The first stock garnering that honor is Westport Innovations. The engineer of natural gas engines is trading about 20% lower since hitting a high close to $50 in late March. I'll be the first to admit the stock has gone on quite a run lately, up about 50% over the past year.
The recent swoon is one part larger market movements, one part loss of momentum, and one part worry over competition. The first two are short-term issues that shouldn't concern a Foolish investor. And, as I've talked about previously, Cummins' proposed 15-liter natural gas engine shouldn't be a big threat to Westport, as Westport's own version should be far more powerful than what Cummins will be offering.
Next on my list of buys is Solazyme. For investors who feel like they may have missed out after yesterday's 12% pop, fear not. The company announced that it had officially entered a joint venture with Bunge to operate a factory producing 100,000 metric tons of tailored oils per year. It's a big step for the company as they hope to scale up.

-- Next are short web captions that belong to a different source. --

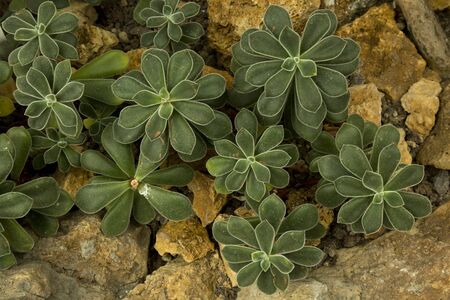 The Echeveria pulvinata, succulent plant.の写真素材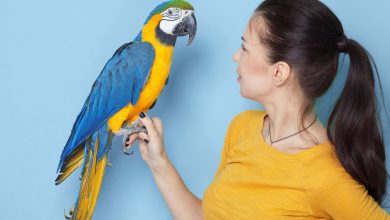 تقلیدکار یا آگاه؛ آیا طوطی‌ها واقعاً می‌فهمند چه می‌گویند؟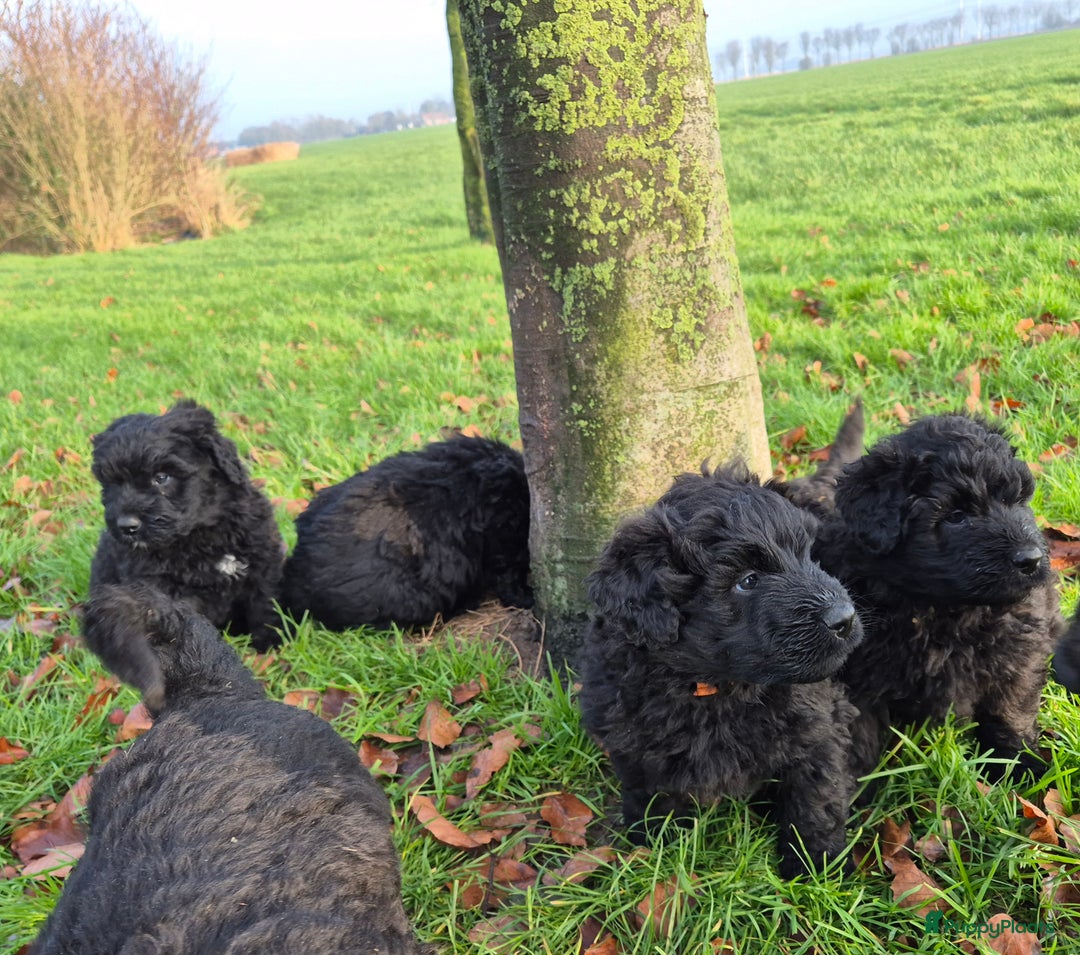 Bouvier des Flandres honden te koop: Raszuivere bouvier pups zonder stamboom. Gitzwart - Advertentie 8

I actually found the pop a little odd, as the company had laid out the framework for the JV long ago; I thought the market had already priced the move into the stock. But rest assured, with three different revenue streams available, and the company fulfilling all of its fuel orders for the likes of the U.S. Navy, there's still lots of room for this stock to run.
Finally, I believe Google is a solid buy at today's prices. The market's been on quite a run, and Google may be one of the safest places to sock your money for the long run in this environment. While the greater market is up 13% this year, Google is basically flat.
It's odd, too, as the company has shown remarkable strength since Larry Page took the reins. Revenue was up 30% last year and earnings were up 14%. My guess is that investors are worried about spending at the company, but I have faith that Page is laying the foundation for continued dominance within the tech field.
Our chief rule breaker's favorite
The Fool has a name for the type of investing that I'm practicing here: rule breaking, or investing in innovative companies that are changing our world. Recently, Fool co-founder and chief rule breaker David Gardner sat down to ponder which stock holds the most promise over the coming years.
You can find out which company he picked by reading our latest report: "Discover the Next Rule-Breaking Multibagger." I'll give you a hint and tell you that the stock is actually in the portfolio I revealed above. To find out which one it is, you'll have to get your copy today. It's absolutely free!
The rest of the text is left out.